Arif berpendapat, TDC yang kini masih aktif sebagai teller di BJP Pekanbaru akan berimbas negatif terhadap marwah bank tersebut. Dia khawatir ada nasabah lain yang bakal menjadi korban. "Khawatirnya nasabah lain akan berimbas. Karena kasus ini diduga secara berjemaah, masih ada petinggi BJB lain yang terlibat," ucap Arif.

Apalagi, kata Arif, kerugian yang dialaminya karena kejahatan perbankan ini mencapai puluhan miliar rupiah. Sebab Arif mengaku punya tanggungan kredit miliaran di BJB itu karena perbuatan IOG dan TDC.
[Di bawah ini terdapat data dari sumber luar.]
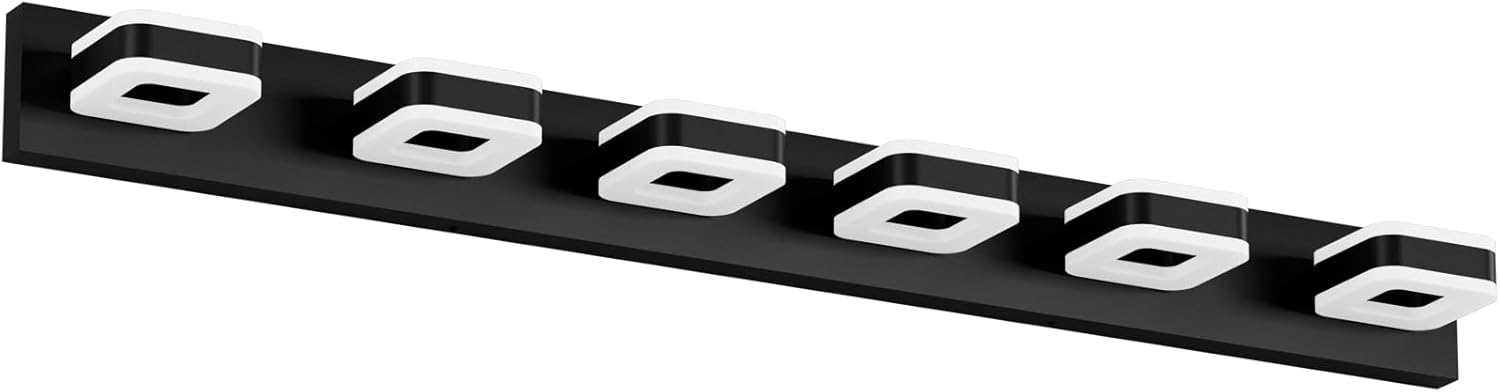 Tipace LED Modern Bathroom Vanity Light Fixtures (6-Light, 47.2-Inch),Acrylic Black Bathroom Wall Lighting Fixtures Over Mirror (Cool White 5500K) with Rotatable Vanity Lights Heads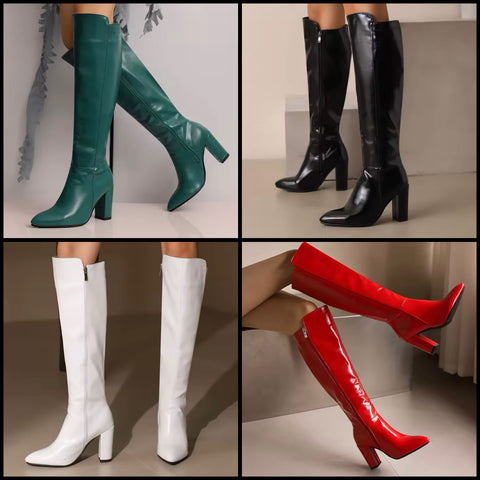 Women Color Faux Leather Fashion Knee High Zip Up Boots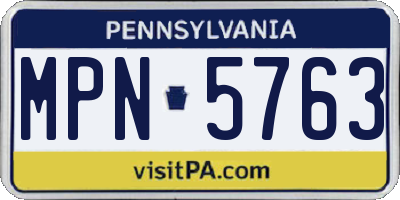 PA license plate MPN5763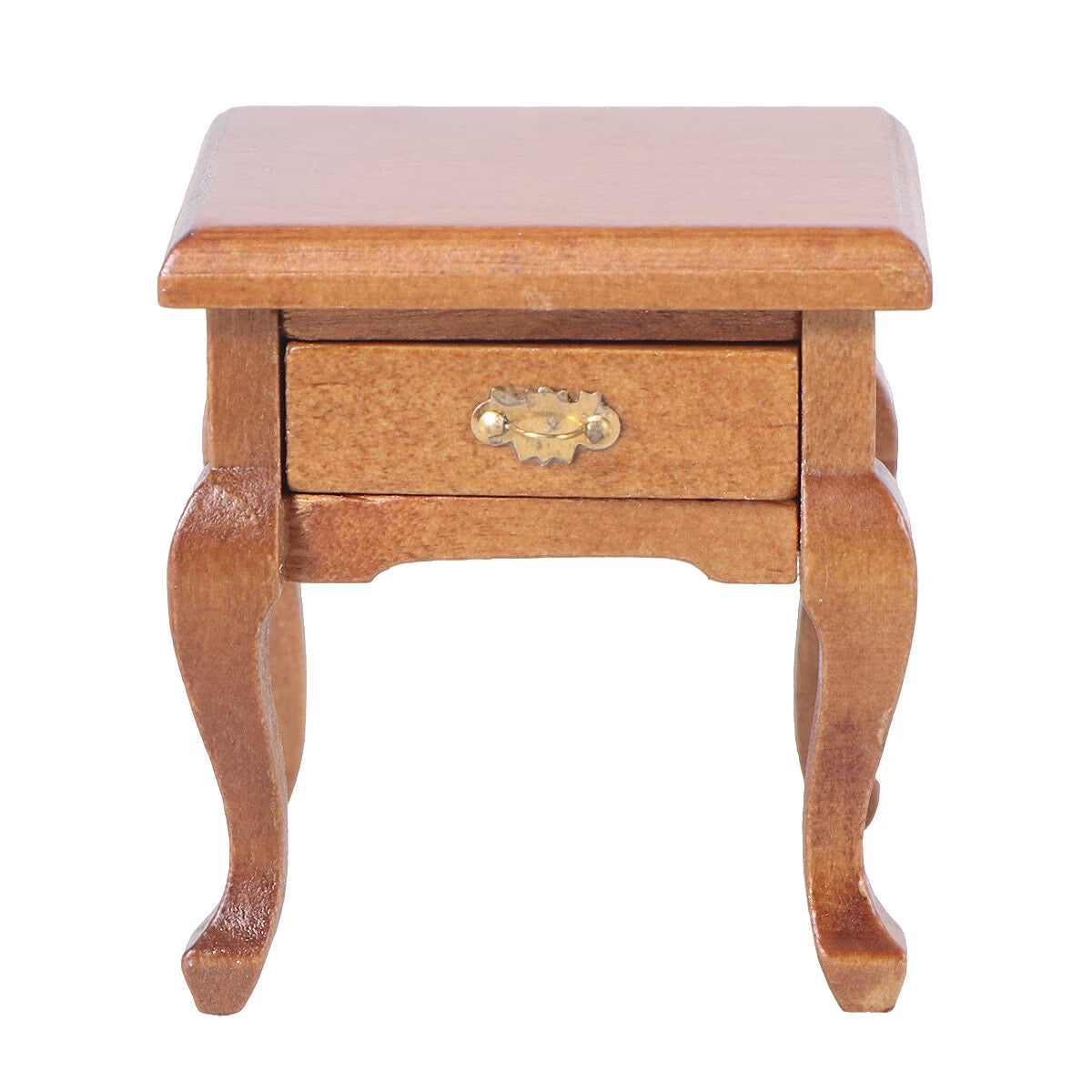 1:12 Walnut Color Wooden Bedside Table Miniature Furniture H8534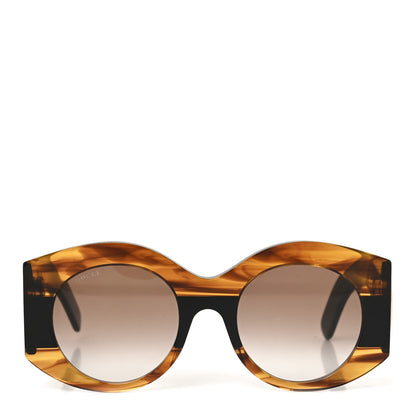 Gucci Acetate Round Frame Sunglasses GG0177S Brown 2 of 7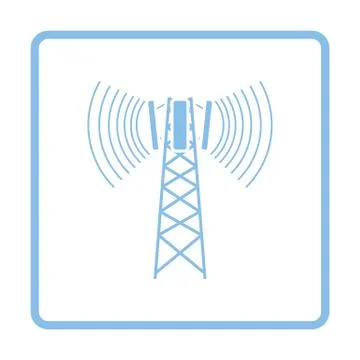Cellular broadcasting antenna icon Stock Illustration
Menurut Arif, transaksi atas namanya ada 56 kali, baik melalui cek ataupun rekening giro. Setiap pencairan ada pemalsuan tanda tangannya oleh TDC atas perintah IOG.

Dalam perjalanannya, setiap transaksi yang mengatasnamakan dirinya, nilainya ratusan juta rupiah. Dia mengklaim pencairan itu tanpa sepengetahuannya dan terbongkar pada tahun 2018. Dia menjadi nasabah prioritas pada tahun 2014. "Dulu saya sudah minta bukti transaksi ke BJB tapi tidak pernah dikasih. Bahkan saya sudah mengadu ke OJK tapi belum ada jawaban," terang Arif dilansir Merdeka.com.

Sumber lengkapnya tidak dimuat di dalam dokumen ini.